The researchers calculated the average number of working weeks in a year to be 46 and multiplied the cost of weekly travel and accommodation by this figure before working out
the average mortgage cost after deposit and the annual payment for both London and the other locations, subtracting the cost of travel and accommodation from the difference, to show which cities UK home owners would be better of living in and commuting to the capital by plane, rather than buying in London.
The city offering the biggest annual mortgage saving was Glasgow. With an average house price of just £155,195 the annual mortgage saving compared to London is £21,275. The cost of a weekly round trip into London is £52.98 via Ryan Air for an 80 minute flight, with accommodation bringing the total to just £204.98 a week, or £9,429 a year.
The research says it would take 47 years of travelling at this cost before the deficit between the average property price in London and Glasgow was bridged. When removing the travel and accommodation costs from the annual difference in mortgage payments, home owners in Glasgow would still be £11,845 better off a year.
Belfast is the second cheapest option for commuters flying into London. A year’s worth of travel and accommodation would be just over £8,000 and the annual mortgage saving is just short of £20,000 when compared to London, resulting in an annual saving of £11,547 for another 80 minute commute into London.

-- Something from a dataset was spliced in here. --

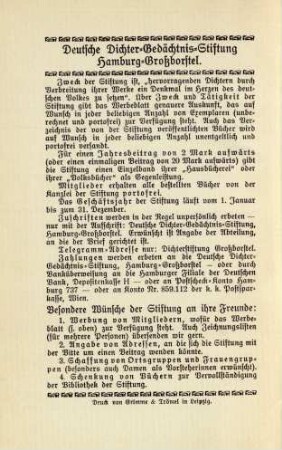 Deutsche Dichter-Gedächtnis-Stiftung Hamburg-Großborstel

Manchester has the third biggest saving across all eight of the cities researched. At £162,970 it’s home to the second lowest average house price and a flight to Heathrow is 65 minutes, with travel and accommodation costing £12,334 annually. When subtracted from the annual mortgage saving when compared to a London property, Manchester home owners would save £8,564 a year.
A similar commute from Leeds would result in home owners in the Yorkshire city cashing in on an annual saving of £7,670 on their mortgage, after paying the cost of £12,150 a year for travel and accommodation.
Although at 85 minutes each, the flight times from Newcastle and Edinburgh are longer but home owners opting to pay the lower price for a property and commute to the capital by plane could save over £7,000 a year on the cost of their mortgage in both cities.
The only one of the eight cities outside of London where home owners would be worse off by commuting in by plane is Exeter. With an Average house price of £259,221 the cost of a mortgage after deposit in Exeter is £233,298 and, when compared to London, the annual mortgage saving is £16,234.
However, the return flight from Exeter to London City Airport is the second most expensive of the eight cities at £115 and the cost of staying around London City Airport is also the most expensive of the lot at £320 a week. As a result, the total cost hits £20,055 a year, cancelling out the mortgage saving and making home owners in Exeter £3,820 worse off.
‘With London property prices continuing to push aspirational buyers further and further out of the capital, there’s no telling where we might be in 10 years’ time in terms of the commute people will consider if prices continue to climb from the inside out,’ said Russell Quirk, chief executive officer of eMoov.
‘The increasing improvement of transport infrastructure across the nation has made commuting larger distances more manageable. We’re not saying commuting by plane is an option for everyone and there are other time requirements to consider in terms of checking in on time. However, as with all new commutes you soon adapt and if it was a choice between 80 minutes stuck on the Central line at rush hour, five hours on a train from Cornwall, or an hour or so in the air, I know which one I would pick,’ he explained.
‘When you also consider that you could live in Glasgow or Manchester, where the cost of living and buying is dramatically lower, but still earn a London wage it seems even more attractive. Couple this with the fact that many companies may even foot the travel or accommodation costs and the savings continue to rise,’ he added.
Quirk also pointed out that more and more people are working remotely at least part of the week so technology can add to the attractiveness of buying a home hundreds of miles from a London office base.